Suara cuitan burung mengusik kesadaran seorang gadis dengan selimut yang masih menggulung tubuhnya.
Rambut yang sudah berantakan dengan mata yang masih samar-samar tersadar dari tidur pulasnya semalam.
Entah apa yang membuat gadis itu pagi ini merasa harinya begitu penting, sampai ia sadar, jika hari ini adalah hari yang paling berharga baginya.
Harmoni segera bangkit dari posisi tidur ternyaman-nya.
Ia melihat ke arah jam yang berada di atas nakasnya dan ternyata ini masih sangat pagi.
"Ini baru jam 4 pagi, kenapa aku begitu terburu-buru?" tanya Harmoni pada dirinya sendiri.
Memikirkan apa yang akan ia lakukan seharian penuh dengan Dewa, gadis itu mengukir senyumnya.
"Tapi lebih baik aku mempersiapkan semuanya dari sekarang, karena seharian penuh adalah waktuku bersamanya," pikir Harmoni langsung bangun dari tempat tidurnya dan segera berjalan ke arah kamar mandi.
Suara kran air terdengar mulai mengisi bathtub yang akan ia tempati untuk mandi pagi dan tentunya, tak lupa, Harmoni memberikan aroma terapi pada air tersebut, agar tubuhnya terasa relaks dan wangi tentunya.
Selama menunggu air bathtub itu terisi penuh, Harmoni berjalan ke arah wastafel yang berada di dalam kamar mandinya.
Ia melihat pantulan wajahnya di cermin dengan senyum yang terukir begitu manis.
"Lakukan semua hal manis untuk hari ini karena kesempatan itu tak akan datang untuk yang ke dua kalinya," gumam Harmoni pada pantulan bayangannya di cermin.
Saat terbesit kata "tak akan datang untuk yang kedua kalinya" wajah Harmoni spontan berubah menjadi begitu sendu.
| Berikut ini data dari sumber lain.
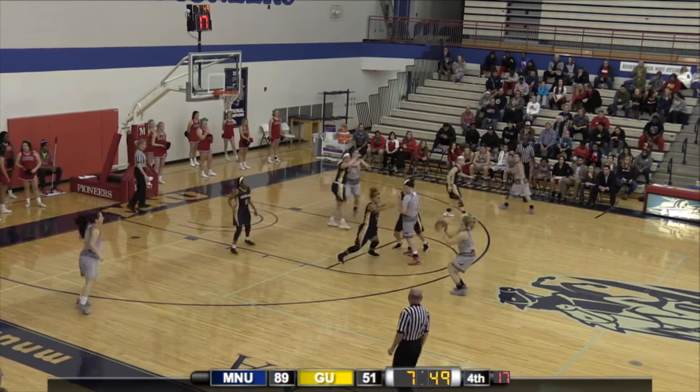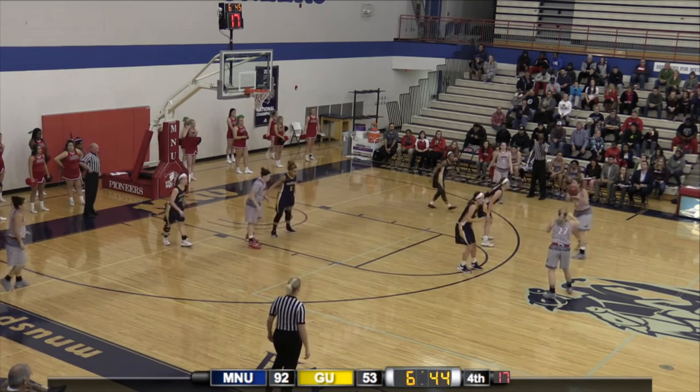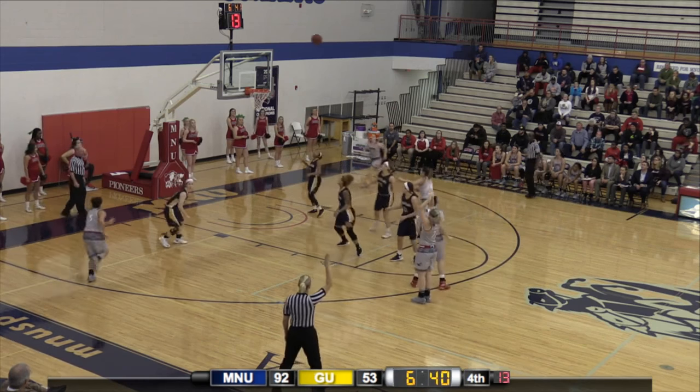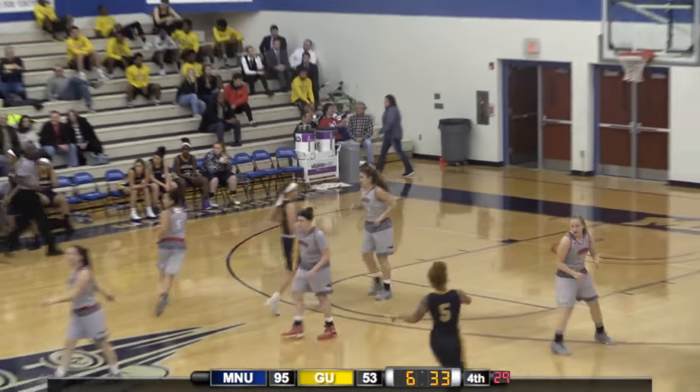Dietz has it, gets it to Likens. Likens is open for three, she'll take the shot. Good. Likens — she comes out to take the pass. Now Likens at the top of the key. Cook comes to set the screen. Likens for three. Good. Likens for three. Ashley Likens saying that Cook does not get to have all the fun.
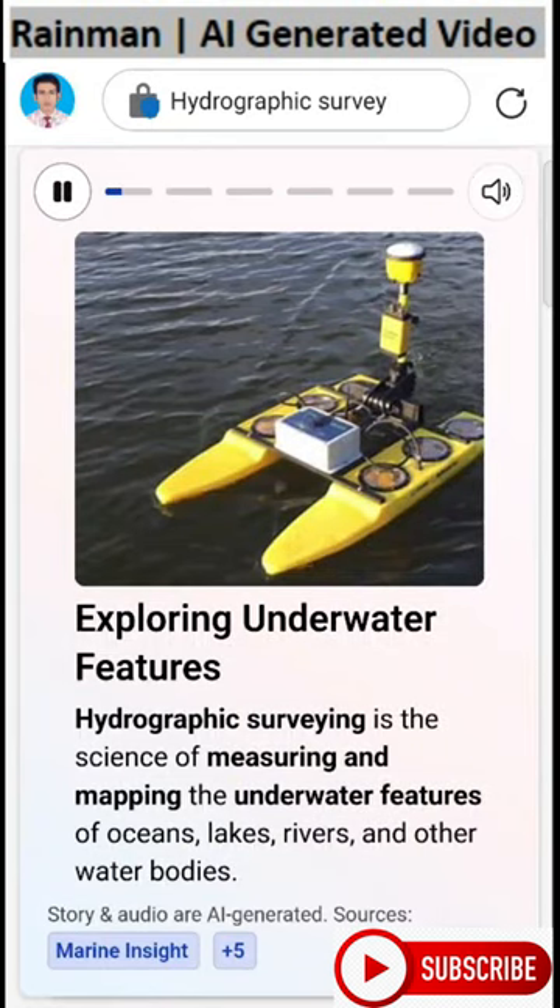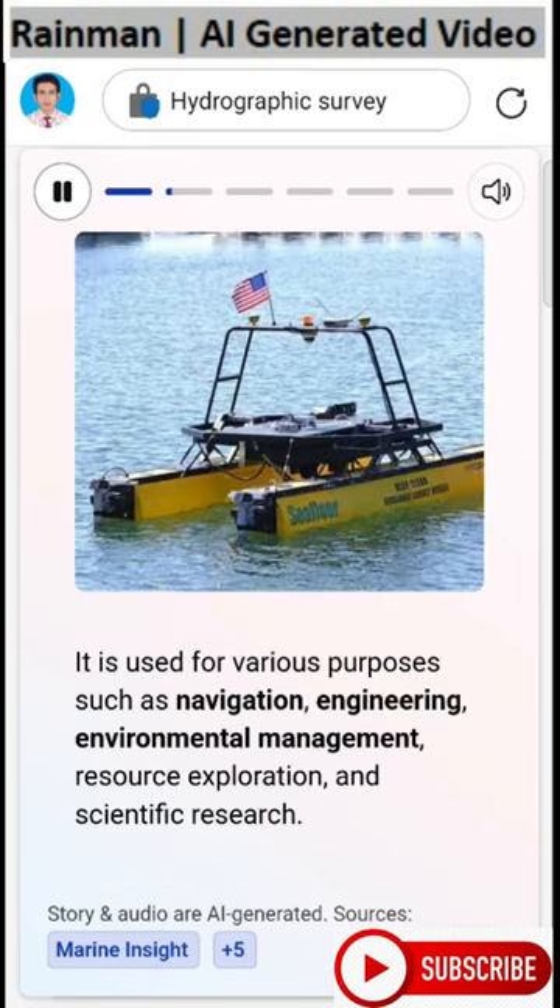Hydrographic surveying is the science of measuring and mapping the underwater features of oceans, lakes, rivers, and other water bodies. It is used for various purposes such as navigation, engineering, environmental management, resource exploration, and scientific research.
Lagi-lagi gadis itu menatap pantulan wajahnya di cermin.
"Apa aku lebih baik jujur dengan perasaan ini? atau aku diam saja? tapi sepertinya aku dan dia memang tak ditakdirkan bersama dan kita memang harus berpisah," gumam Harmoni menundukkan kepalanya meratapi nasib yang saat ini mempermainkan dirinya.
Harmoni menoleh ke arah bathub yang tadi sempat ia isi air hangat namun, kakinya tak sengaja melangkah begitu saja dan akhirnya ia terpeleset.
"Aaaaaaaaaaakkkkkk!"
Suara teriakan Harmoni memancing lelakinya untuk datang ke kamar mandi yang sama dengannya.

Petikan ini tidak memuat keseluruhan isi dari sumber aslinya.